藤原広嗣の乱の話。大宰府で謀反をおこす準備をしていたとき逃げた加奈をおって。扶余ノ穴蛙と会う。
穴蛙は祖父が百済のひとで、亡命した子孫の一人。そこで加奈をみつけ、穴蛙からそこでまぐあうように言われ、催眠術にかかったかのようにやってしまう。
広嗣は穴蛙を大将軍鬼室福信にみたて、軍師として呼ぶが、負けてしまう。
穴蛙は筑紫の貴人の墳にむかって穴を掘りつづけていた。その古墳は大野山の山麓にあり大宰府からは遠い。その古墳から朱をとるのだという。

なんとも大それた話で、藤原広嗣の乱と奇怪な穴掘りと組み合わさせて、司馬さんらしい作品になっている。どこからこの穴掘りの話をみつけてきたのか。
大野山というのはいまの四天王山のことのようで、小説だとはるか遠くと思うけど、大宰府からは結構近い。たしかに穴を掘るとなる遠いけれど。

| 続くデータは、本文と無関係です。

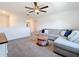 Bright living room features a comfortable gray sectional, ceiling fan, and cozy area rug at 5712 Bristleleaf Ct, Leesburg, FL 34748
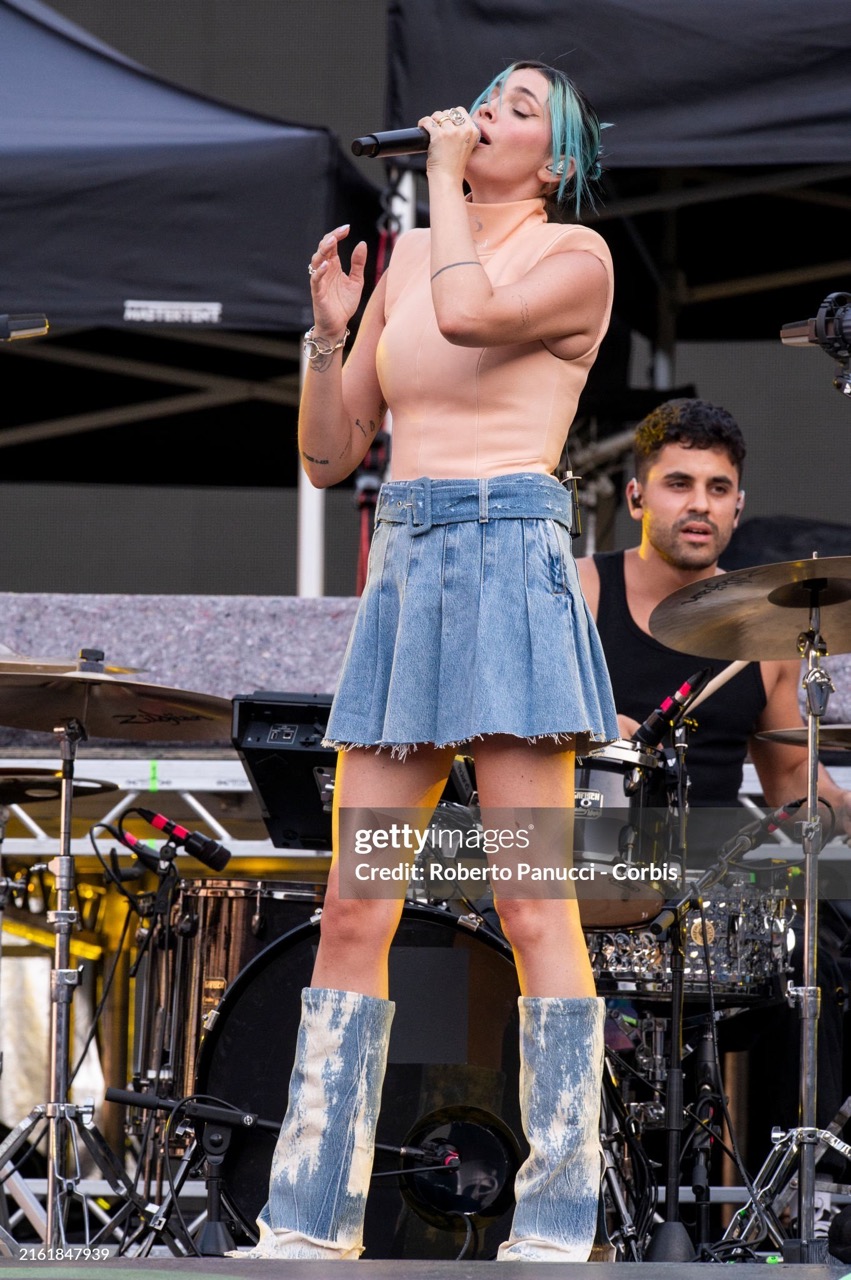 Singer performing live on stage with a microphone, wearing a light pink top, denim skirt and boots with a drummer in the background.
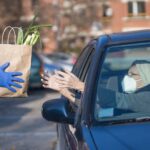 Handing Groceries to a person in an car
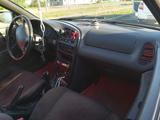 Mazda 323 1995 годаүшін1 300 000 тг. в Рудный – фото 5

司馬さんの小説の悪いところというか、すごいところなんだが、まるで史実であるかのように読めてしまう。それで多くの人が騙されてきて、司馬史観なるものがうまれていく。
ほんとに百済の軍師がいたような感じなるし、広嗣の人となりも司馬さんの想像なんだが、この乱も冗談が真になったものとして描いていて、ほんまかいなという感じ。
悪いのは読者であって司馬さんではないけど。